Major US Telecom Provider Migrates 4,200 SAS Programs and 3.8M Lines of Code to Databricks in 18 Months

MigryX Case Study • April 2026 • Telecommunications

Executive Summary

A major telecommunications provider in the United States — supporting tens of millions of wireless, broadband, and enterprise subscribers — had accumulated one of the largest SAS estates in the industry. Spanning 4,200 SAS programs, 3.8 million lines of code, deep macro libraries, and a combined SAS Enterprise Guide and SAS Data Integration Studio deployment, the environment consumed over $6 million annually in SAS licensing and supporting infrastructure. Following a board-level decision to standardize on Databricks as the enterprise analytics platform, the organization selected MigryX to execute the full SAS-to-Databricks migration. Over 18 months, MigryX's AST-based parser resolved the entire macro inheritance hierarchy, converted all PROC calls and DATA step logic to optimized PySpark, and deployed the migrated estate to Databricks with Unity Catalog governance. The program produced over 2 million lines of PySpark, performance improvements of 3–6X on subscriber analytics and network telemetry pipelines, and a projected $8.5 million in three-year savings.

Client Overview

The client is a facilities-based telecommunications carrier offering wireless, fiber broadband, and enterprise networking services nationwide. Their analytics function is critical to subscriber lifecycle management — from acquisition propensity modeling and network capacity planning to churn prediction, billing dispute resolution, and regulatory reporting to the FCC. The SAS estate had been built incrementally over 18 years, starting with a small team of biostatistics-trained analysts and growing through four major acquisitions that each added their own SAS macro libraries and PROC-based reporting frameworks. By the time of the migration assessment, the estate encompassed work from hundreds of analysts and engineers across marketing, finance, network operations, and regulatory affairs — many of whom were no longer with the organization.

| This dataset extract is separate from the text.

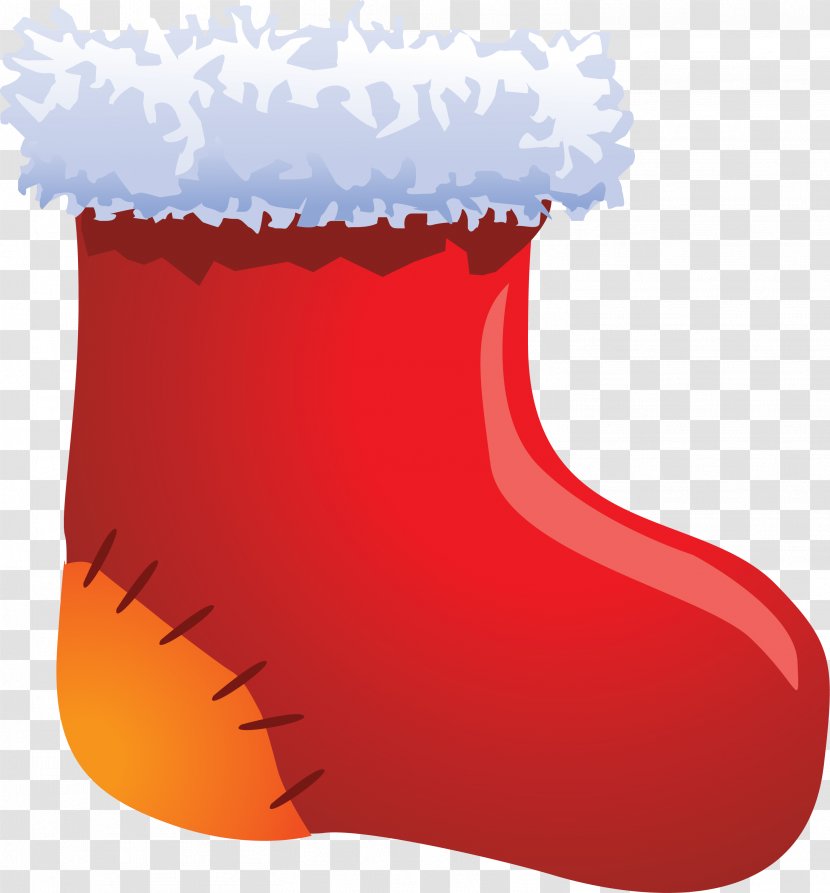 Christmas Stocking Gift - Red Socks Transparent PNG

The strategic rationale for migration was clear: SAS licensing costs had grown substantially through successive SAS Institute contract renewals, the SAS Enterprise Guide interface was increasingly at odds with the organization's data science talent pipeline (new hires expected Python and cloud-native tooling), and the organization's Databricks investment — already substantial for new-build ML and streaming analytics use cases — was producing significant underutilization on per-workspace compute commitments.

Business Challenge

The SAS-to-Databricks migration presented a distinctive set of challenges compared to other ETL platform migrations, driven by SAS's unique combination of a proprietary programming language, a rich procedural library, and deeply nested macro capabilities:

The MigryX Approach

MigryX deployed its SAS AST parser as the foundation of the conversion pipeline. Unlike regex-based or pattern-matching approaches, the AST parser fully tokenizes and parses each SAS program into a language-aware syntax tree that correctly understands scope rules, macro variable resolution order, conditional compilation (%IF/%THEN/%ELSE), and the interaction between macro and DATA step boundaries. This allows MigryX to resolve the full effective code of each program — with all macro calls expanded in context — before generating the target PySpark representation.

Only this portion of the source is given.